Com base nesse entendimento, a 3ª Turma Recursal do Tribunal de Justiça de Santa Catarina deu provimento parcial ao recurso inominado de uma consumidora para condenar a instituição financeira a ressarcir o valor de R$ 10 mil pago por meio de um título falso.
Na situação fática, a consumidora foi induzida a erro por terceiros após um contato externo e a simulação de um ambiente virtual. De posse do boleto falso, a cliente compareceu a uma agência física e fez o pagamento presencial diretamente na boca do caixa, sob a supervisão de um empregado do banco, visando justamente garantir a segurança da operação.

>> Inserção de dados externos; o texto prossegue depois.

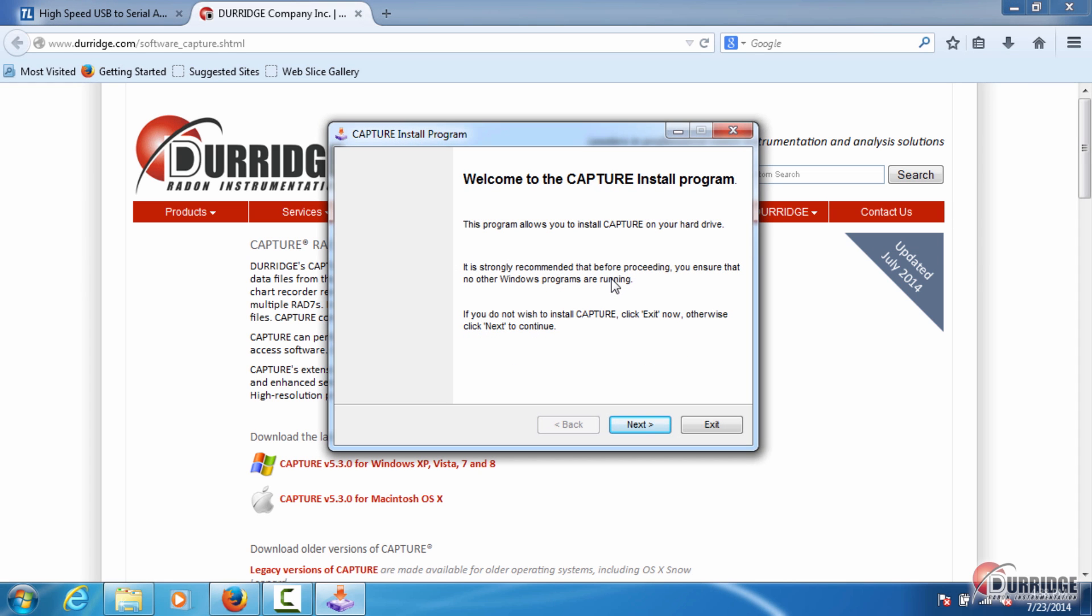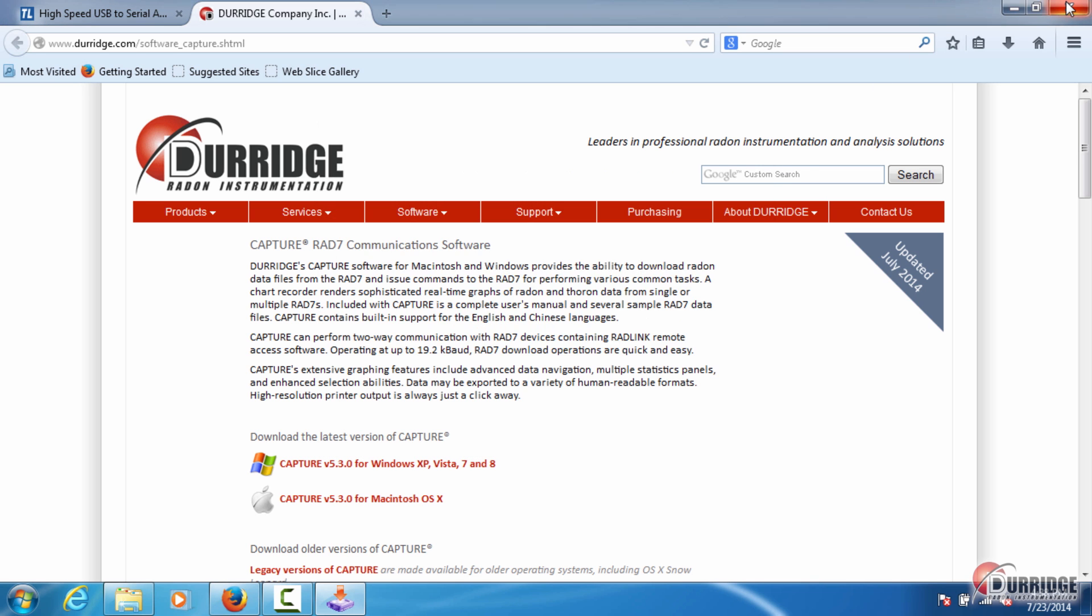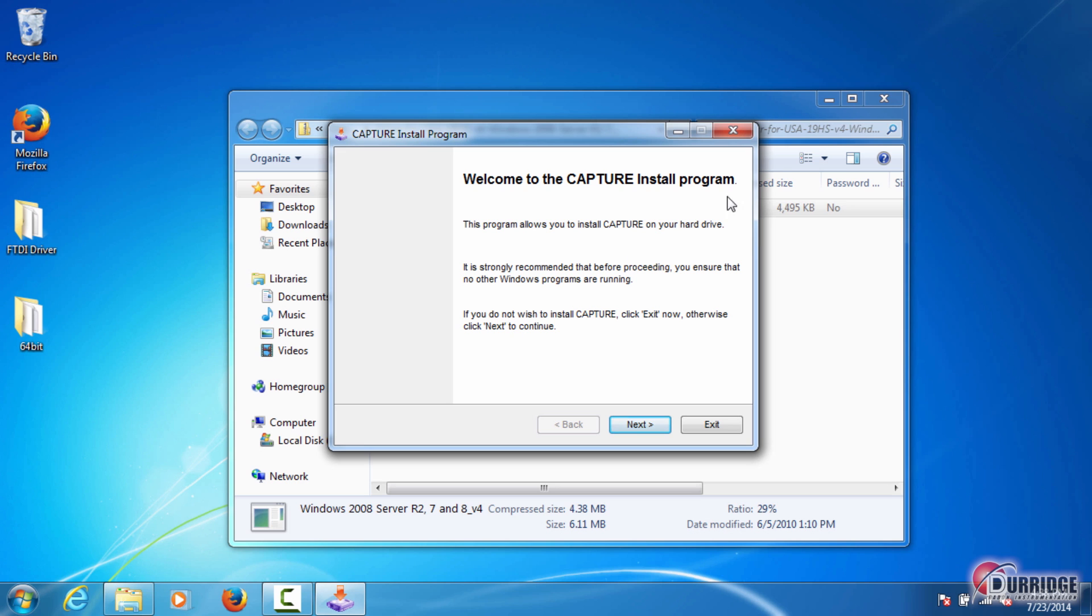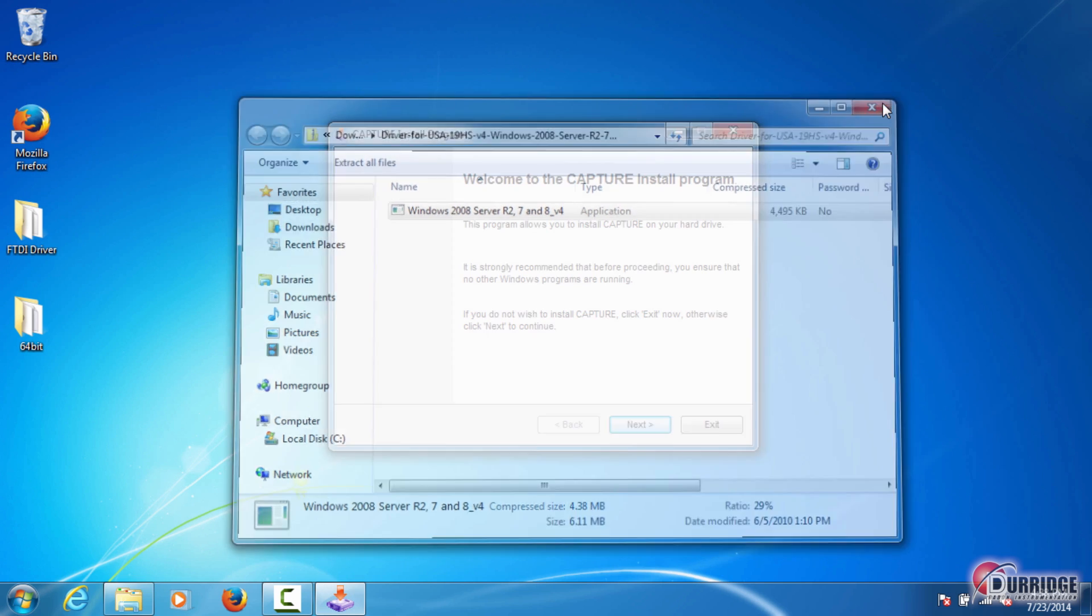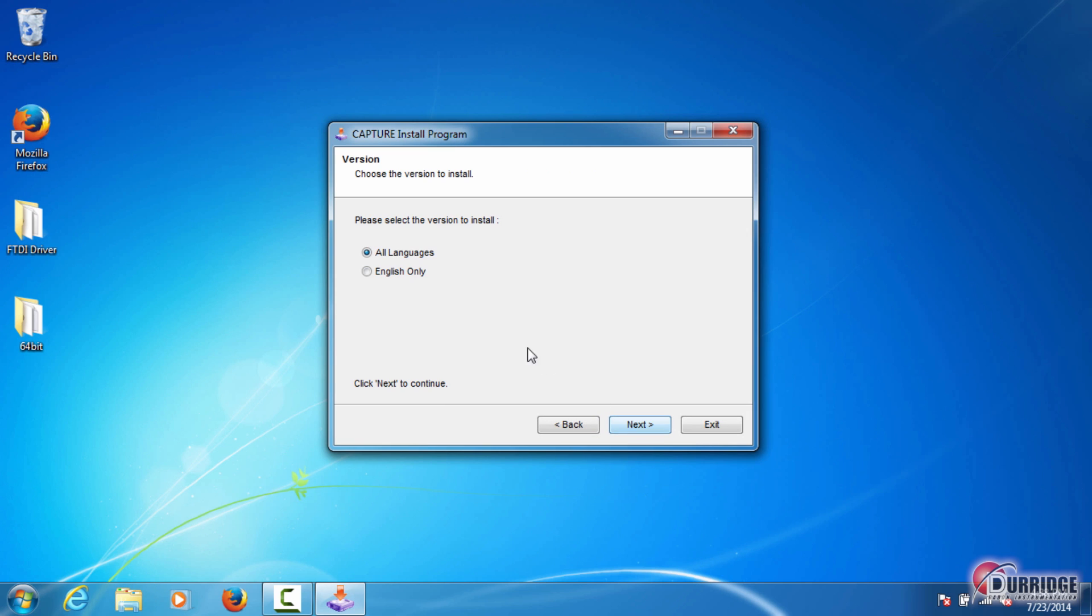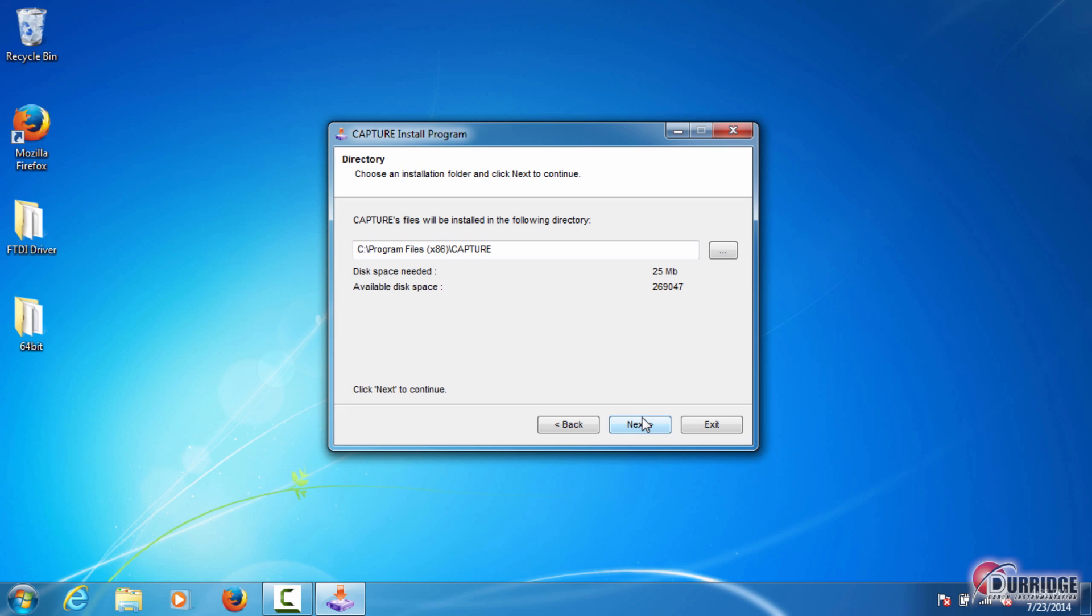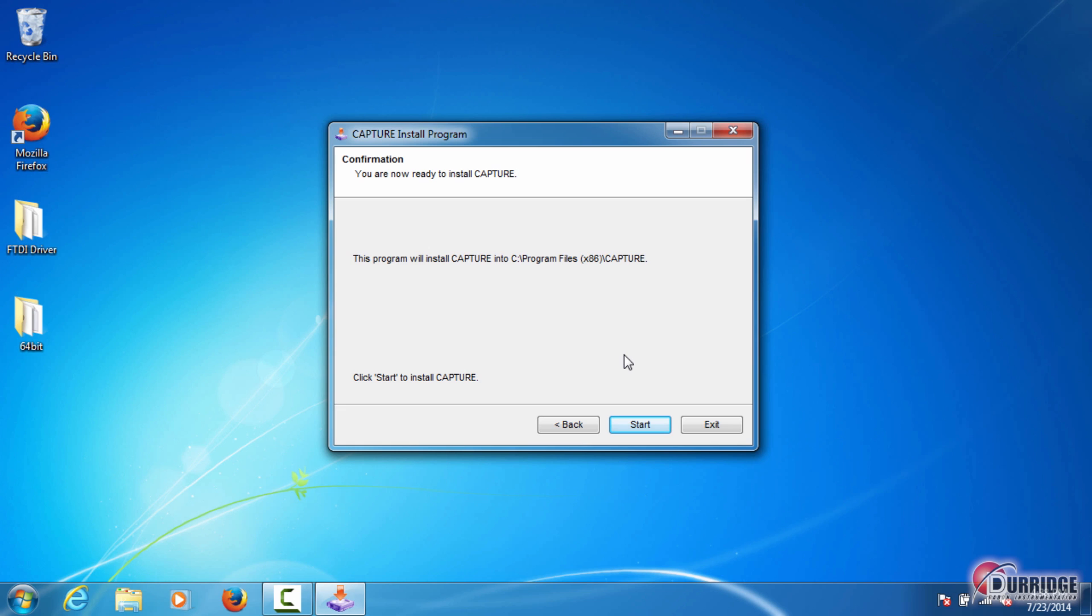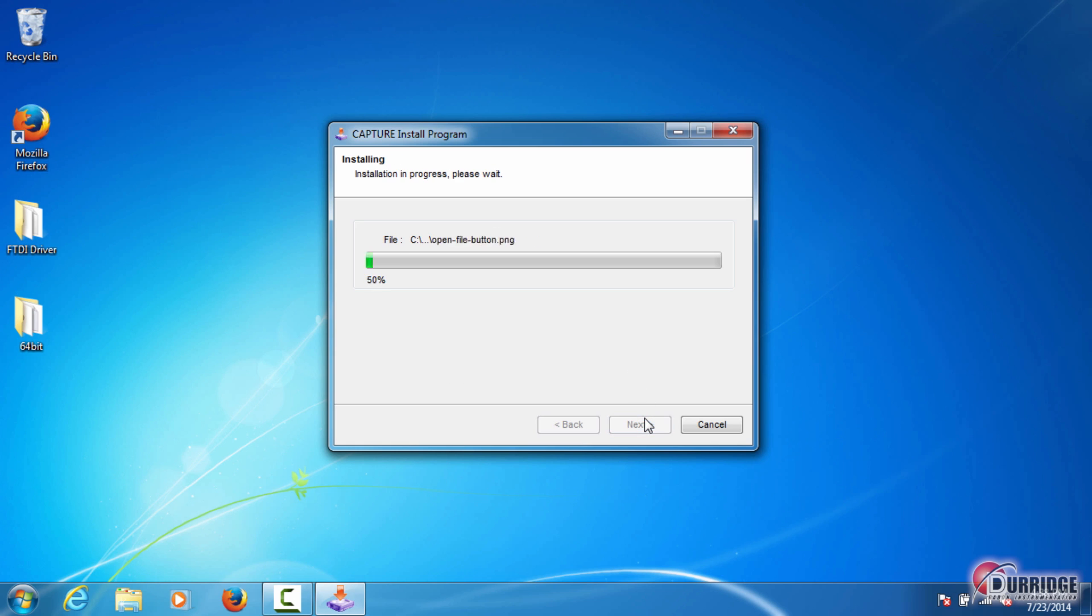As the Capture installer recommends, shut down the other programs you are running. Then click Next. Select version all languages or English only as you prefer, and click Next. Click Next in the directory window. Since the directory doesn't exist, you create it. It holds all Capture program files. Click Start to begin the installation.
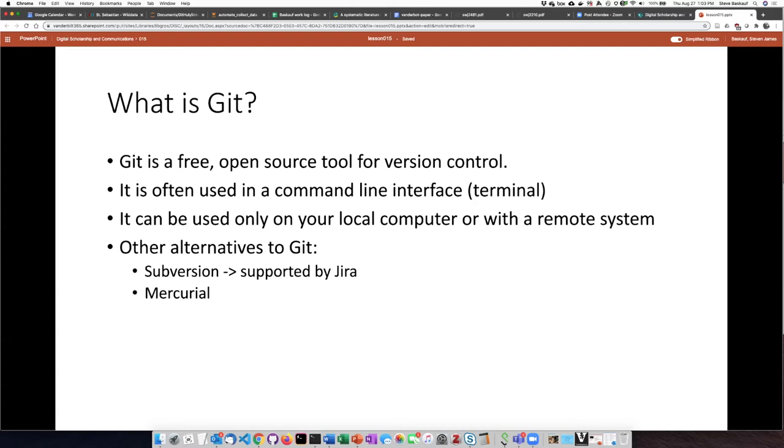Git is not the only version control system. There's a couple other popular ones. One is called Subversion. This is supported by the project management system JIRA and another commonly used one is Mercurial. But I would say Git is probably the most popular and commonly used version control system.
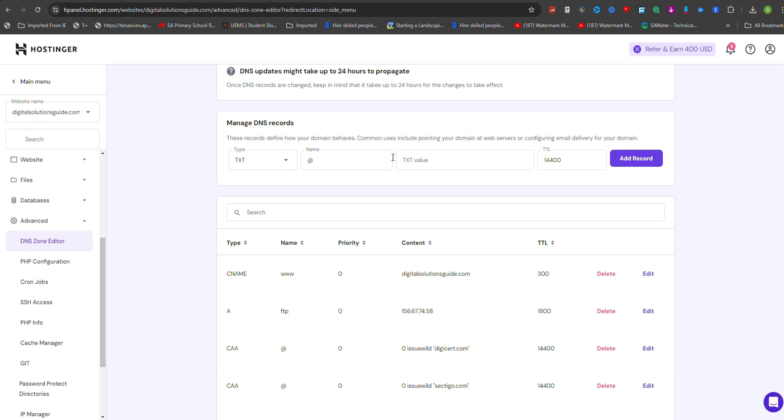In the TXT value field, paste the TXT record value provided by the service you're verifying your domain with, such as Google Analytics or Search Console.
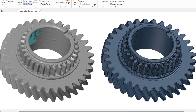This is what a nominal-actual comparison report looks like. On the left side we have the 3D scan of the metal gears — this is the actual data. On the right side we have the nominal data, which is the perfect CAD file of the metal gear.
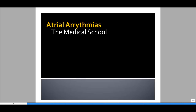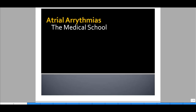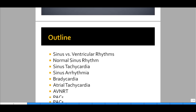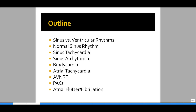Hey, this is Dr. K from the medical school. Today we're going to talk about atrial arrhythmias. The outline shows we're going to first talk about how to differentiate atrial versus ventricular rhythms, then talk about normal sinus rhythm, and then get into various topics about the different atrial arrhythmias that you may encounter on an EKG.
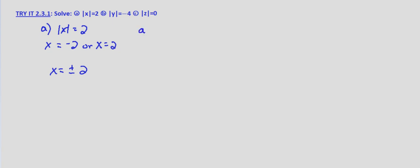Part B, we are asked to solve the absolute value of y equals negative 4. Well, we're looking at distance. That's, again, remember that's one way to interpret absolute value. So we want to know what values for y are negative 4 units from 0. Well, distance is never negative. The absolute value will never be negative. So the solution to this is simply no solution.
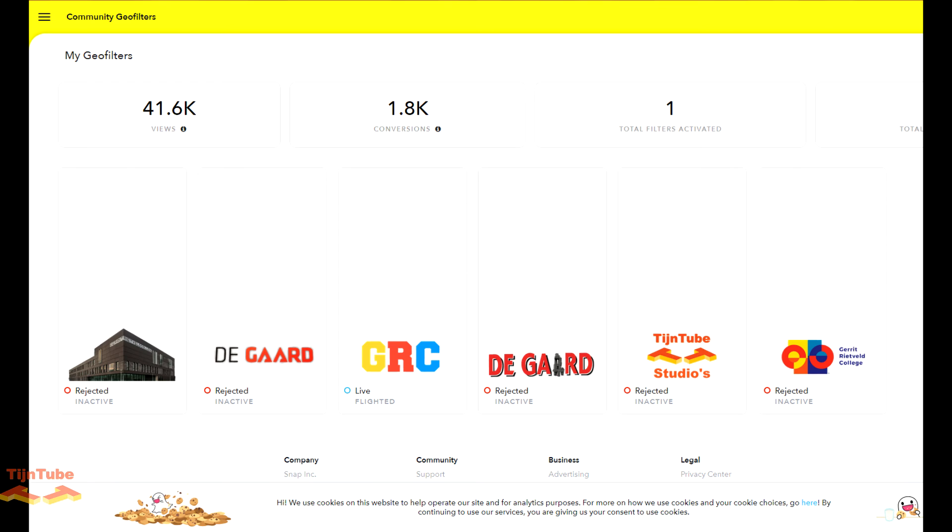This was it for this video. I hope your Snapchat geofilter will be accepted soon, and I hope I see you in my next video.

O atendente, porém, não conferiu a correspondência entre os dados do título impresso e aqueles utilizados para a destinação dos valores, o que permitiu que o montante fosse transferido para a conta de um beneficiário diverso do indicado no documento. Diante do prejuízo, a autora ajuizou ação na Justiça requerendo a devolução do dinheiro e o pagamento de indenização por danos morais.
Em primeira instância, o juízo de origem julgou a demanda improcedente por considerar que a fraude de terceiros afastaria a responsabilidade do banco e que inexistia defeito na prestação do serviço.
A consumidora, então, recorreu com o argumento de que a conferência de dados em atendimento pessoal é obrigação inerente à atividade econômica da instituição.
Dever inafastável
A juíza convocada Maira Salete Meneghetti, relatora do caso, avaliou que a atuação do banco não se limitou à intermediação automática, visto que houve atendimento humanizado. Ela considerou que o banco tem a capacidade técnica de identificar inconsistências entre o título apresentado e o favorecido final antes de concluir a transação. “Trata-se de cautela inerente à própria atividade bancária, cuja inobservância caracteriza defeito na prestação do serviço”, afirmou.
Segundo concluiu o acórdão, a conduta omissiva do preposto do banco recebedor contribuiu diretamente para o resultado danoso, impedindo o reconhecimento de culpa exclusiva da vítima ou de terceiro.
“Incumbe, portanto, ao banco recebedor conferir a correspondência entre os dados do título apresentado e aqueles efetivamente utilizados para a destinação dos valores, em especial quanto à identidade do beneficiário”, destacou a relatora.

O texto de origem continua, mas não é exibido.